-- INPUT follows --

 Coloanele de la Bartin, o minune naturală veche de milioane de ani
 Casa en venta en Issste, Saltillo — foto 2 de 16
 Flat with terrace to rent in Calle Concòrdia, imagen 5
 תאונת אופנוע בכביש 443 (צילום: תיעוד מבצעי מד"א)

-- INPUT concluded --
-- INPUT follows --

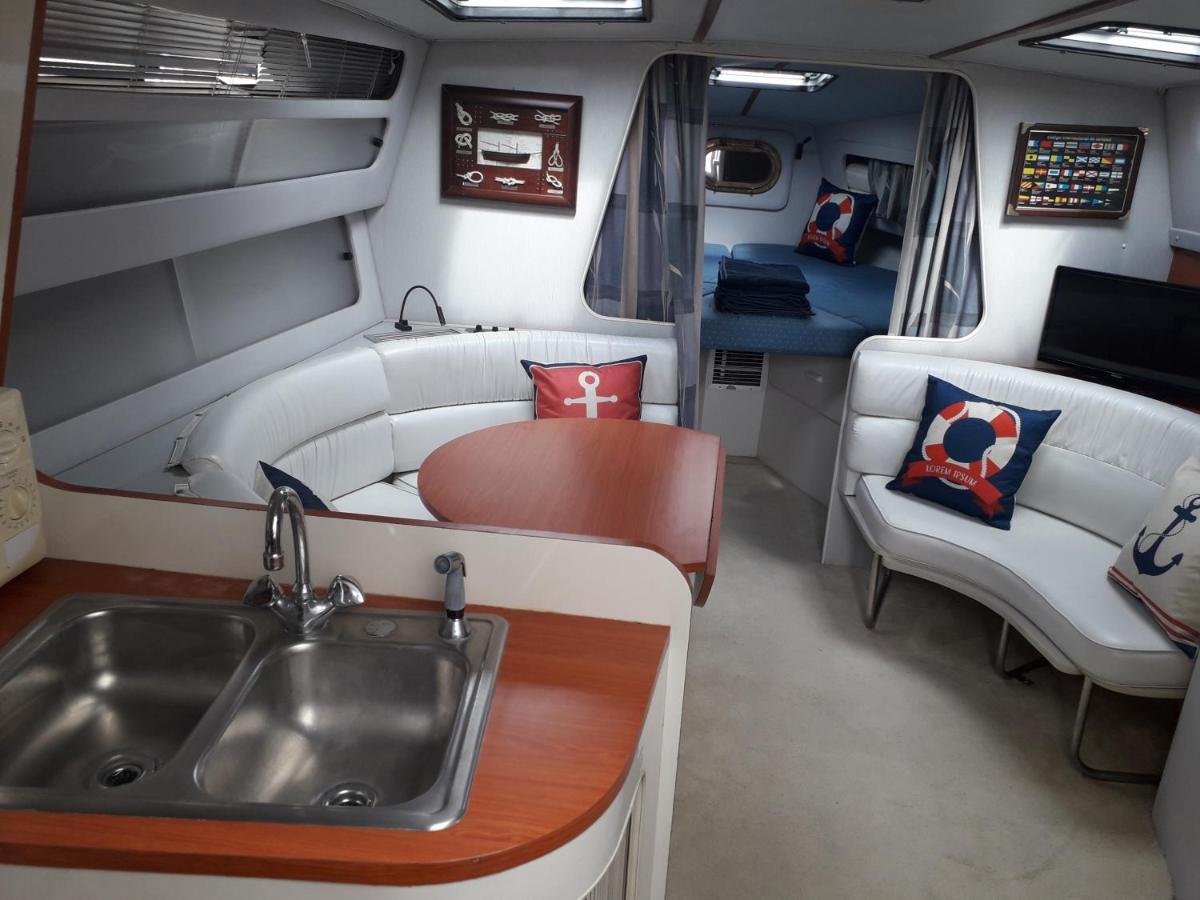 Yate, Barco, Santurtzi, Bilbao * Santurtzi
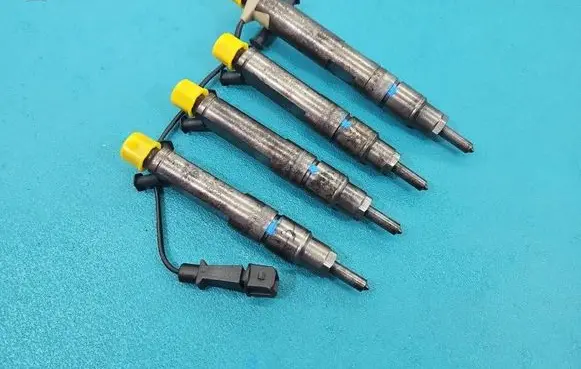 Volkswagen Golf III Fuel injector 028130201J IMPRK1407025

-- INPUT concluded --

GOAL OF THE EXERCISE: Retype only the lines above from the one with "Yate, Barco, Santurtzi, Bilbao * Santurtzi" through the one with "Volkswagen Golf III", exactly and with both ends. Images stay out.

FINAL ANSWER:
 Yate, Barco, Santurtzi, Bilbao * Santurtzi
 Volkswagen Golf III Fuel injector 028130201J IMPRK1407025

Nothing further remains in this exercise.